Indeed, over the last ten years, the forecasters have a terrible track record: they only got their prediction approximatively right one time out of 10!
Don’t get me wrong; my intention here is certainly not to do strategists bashing, I just want to make the point that forecasting the direction of the stock markets in the short run is a pure guessing game, even for probably the best educated, intelligent and knowledgeable finance professionals of Wall Street.
The former Secretary of Defence under the President Bush Jr. administration, Donald Rumsfeld, once distinguished, albeit in a completely different context, between the “known knowns”, the “known unknown” and the “unknown unknowns”. In halfway efficient markets, the “known knowns” are probably all priced in the current stock prices while the “known unknowns”, like political changes, trade wars, monetary policies, direction of oil prices can be analysed. As humble investors, we would however argue that we find it extremely difficult to get these factors right. For the “unknown unknowns”, the so-called black swans, they are by nature unpredictable.
Where does this leave us as value investors?

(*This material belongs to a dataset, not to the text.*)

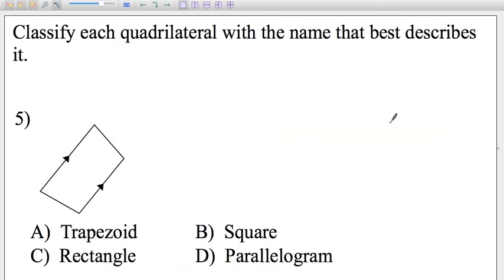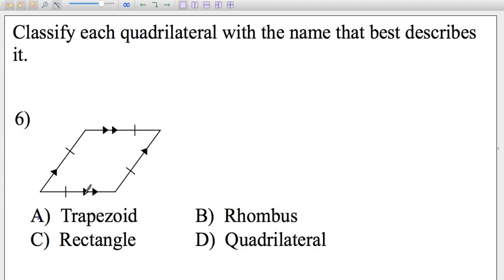How do you classify this quadrilateral? It has one pair of parallel sides and the other sides are not parallel — it is not a rectangle, not a square, and not a parallelogram, because a parallelogram must have two pairs of opposite sides parallel. Since there is only one pair of opposite sides parallel, this quadrilateral is a trapezoid. For the next figure, it has two pairs of parallel sides and all four sides are equal as indicated by the tick marks. A parallelogram with all four sides equal is called a rhombus. See you in the next video.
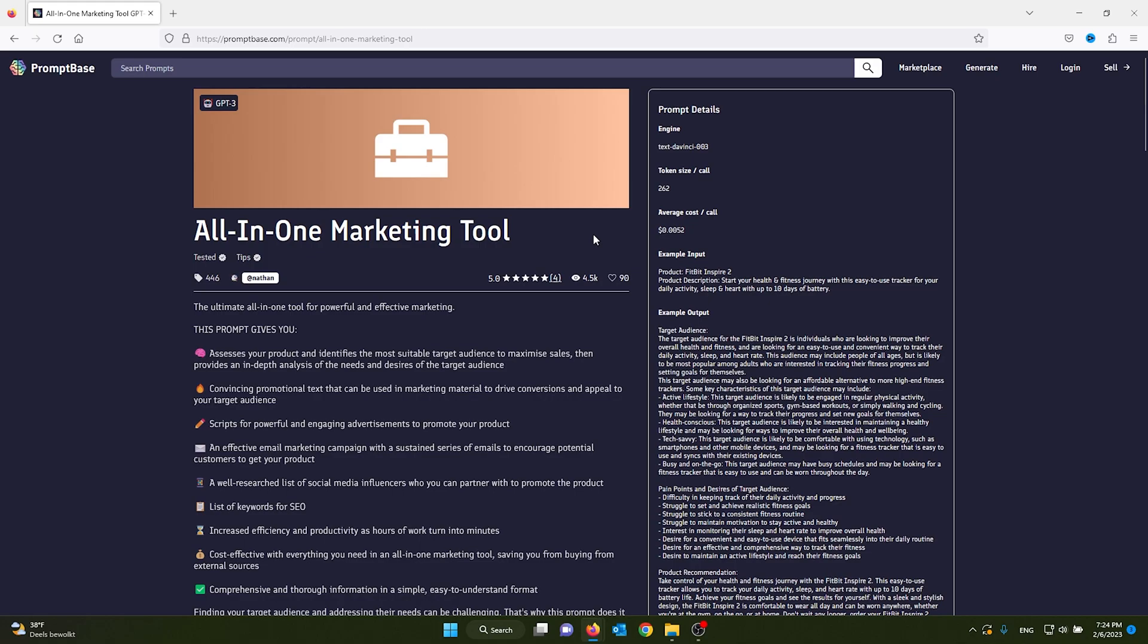As you can imagine, this saves you a lot of time and makes you way more efficient. If you're using PromptBase for yourself, please let me know in the comments which tools you are using and which prompts are the best, because it's very new at the moment and the reviews aren't that high. Make sure to leave that in the comments and on PromptBase itself so we can help each other.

First, we save a lot of time by not even trying to forecast markets in the short run. We are guided by the principle that stocks are ownership fractions of a business. Market puts a price on these stocks on a second by second basis. We invest when we spot a significant margin of safety, or discount, of the stock price to what we think the business is worth. In our analysis of the business, we look of course at the operational environment the company is in and try to understand the impact of the “known knowns” and “unknowns” on these businesses and ultimately their capacity to deliver earnings to us as shareholders. We have a long-term investment horizon and are able to “sit out” the short-term volatility and remain firm in our investment decisions. We are convinced that investing in a portfolio of significantly undervalued but solid businesses creates value over time. That is completely different than trying to forecast the market for the next 6 months and position the portfolio accordingly.